2

I am working with data that is represented using the following basic syntax:

a→b→c

EDIT

This is used to describe a spatiotemporal relation of alteration assemblages around an ore deposit. An alteration assemblage can either be spatially or temporally related to the mineralisation of a deposit, which could be constructed as such

(a[proximal]→b→c[distal])[early]→(d[proximal]→e→f[distal])[late]

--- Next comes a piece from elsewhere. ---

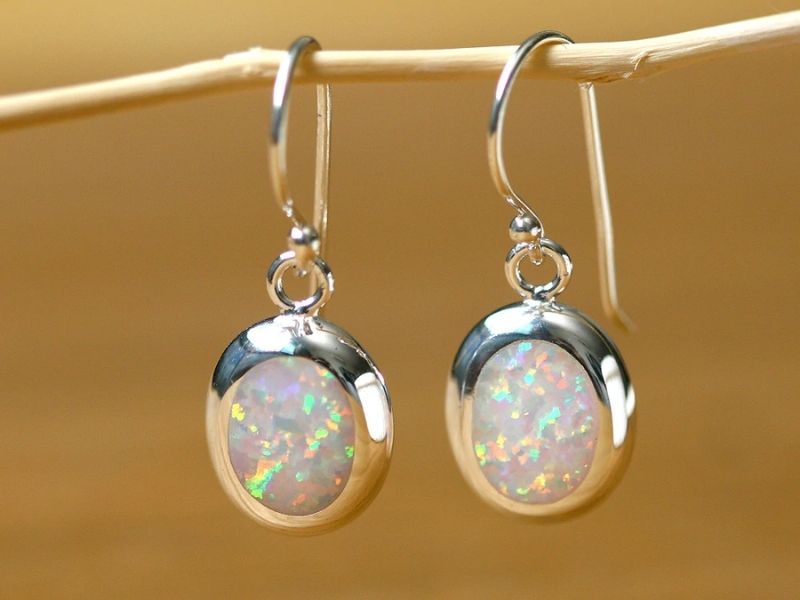 Opal Earrings for 24th anniversary gift ideas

Both the groups a, b, c and d, e, f are spatial relations to the ore deposit, and these two groups can be temporally related to each other. These can get more complex, in full they often look like this:

(ksp-cal-cpx±anr [early] → cpx-act-scp-cal-mt±adr±tm±all±ap±bt±ksp → chl-ep-cal-cp-py-mt [late]) [proximal] → cpx±amp±scp → qtz-hm-ab-ser-cal±scp±py±po±fl [distal]

(Note: the 'proximal', 'distal', 'early', and 'late' descriptors in square brackets are often, but not always, present. The syntax like 'ksp-cal-cpx±anr' is a mineral assemblage, which I have abstracted away with a, b, c, etc in my examples)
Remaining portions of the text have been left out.